The businesses most often accused of distributing spyware, including privately held Claria Corp., WhenU Inc. and 180Solutions Inc., say they are providing legitimate "adware" services to customers who approved the installation. But their disclosures are often misleading or buried: A recent Claria license ran for more than 60 electronic pages, first mentioning the phrase "pop-up" on page 18.

Much spyware arrives bundled with programs such as screensavers and file-sharing software.

"The part that worries me most is the tremendous amount of money that can be made by tricking people into installing junk on their computers," said Ben Edelman, a Harvard graduate student who has testified against spyware companies. "It's a great business."

The defenses remain scattered. Windows PCs often don't come with antivirus software installed. Firewalls and spam blockers are usually separate too, and there are dozens of small companies offering what they describe as anti-spyware products — some of which are actually fronts that install spyware.

"Staying safe online has gotten too complicated for the average user to do by buying individual products and making them work together," America Online spokesman Andrew Weinstein said.

Realizing that such fragmentation is making matters worse, some companies are rounding up the pieces of a more complete resistance.

Microsoft recently bought both an antivirus company and an anti-spyware software maker. Time Warner's latest version of AOL checks for spyware and offers to delete it. And where Dell's online guide for configuring a PC used to suggest a combined antivirus and firewall program without saying why, it now explicitly warns buyers to protect themselves or face potentially costly problems in the future.

Legislation that would have required more direct warnings by spyware companies to consumers and ensured that users could delete the programs made headway in the last session of Congress, despite objections from top computer-security company Symantec Corp. and other software providers. Ari Schwartz, an anti-spyware lobbyist with the Washington-based Center for Democracy and Technology, put the odds of some legislation passing in 2005 at better than 80%.

The FTC last fall filed its first case against spyware companies accused of using a security flaw in Internet Explorer to cram system-glutting programs into the machines of website visitors. The companies named were Seismic Entertainment Productions Inc. and SmartBot.net Inc. But current fraud laws allow regulators only to recover ill-gotten gains — no matter how much damage the bad guys have inflicted.

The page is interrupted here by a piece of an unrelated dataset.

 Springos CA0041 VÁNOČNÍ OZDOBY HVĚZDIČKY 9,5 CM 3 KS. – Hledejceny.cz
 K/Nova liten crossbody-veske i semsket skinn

Enacting new federal bills "would be helpful," said Lydia Parnes, acting director of the FTC's Bureau of Consumer Protection. Spyware "needs to be understandable to consumers, and it needs to be presented in a way that's kind of visible to them."

Even if a strong law passes, Parnes said she didn't know whether the average computer user would be any better off in three years.

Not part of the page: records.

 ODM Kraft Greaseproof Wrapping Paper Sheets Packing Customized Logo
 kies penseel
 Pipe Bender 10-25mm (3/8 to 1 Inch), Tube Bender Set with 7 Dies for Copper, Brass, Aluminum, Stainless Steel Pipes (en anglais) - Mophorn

If it's worse, Seemayer probably won't be the only one on his block with a PC cut off from the Internet.

"It's great for anything you can do on your own," he said. "It seems to me an incredible typewriter — and that's it."

LA Times (http://www.latimes.com/business/la-fi-fedup14jan14,0,111456.story?coll=la-home-headlines)

flappo
01-14-2005, 07:34 AM
they're using the wrong computer , that's all

Nickdfresh
01-17-2005, 03:53 PM
Opus, from Sunday:

Nickdfresh
01-19-2005, 07:27 PM
Originally posted by Ally_Kat
see, i need to get my patches, but something is wrong with me 'puter.

Won't d/l from any site anymore and won't open most sites with flash.

Norton, Ad-aware, and Spyboy Search and Destroy all find nothing.

*sigh*

Try a new browser. I just downloaded Firefox from www.firefox.com 'cause my Explorer had "ticks" shall we say. It would freeze and I would frequently have to close and then reopen the browser. Firefox is supposedly more secure as well (no one has malicious shit for it yet).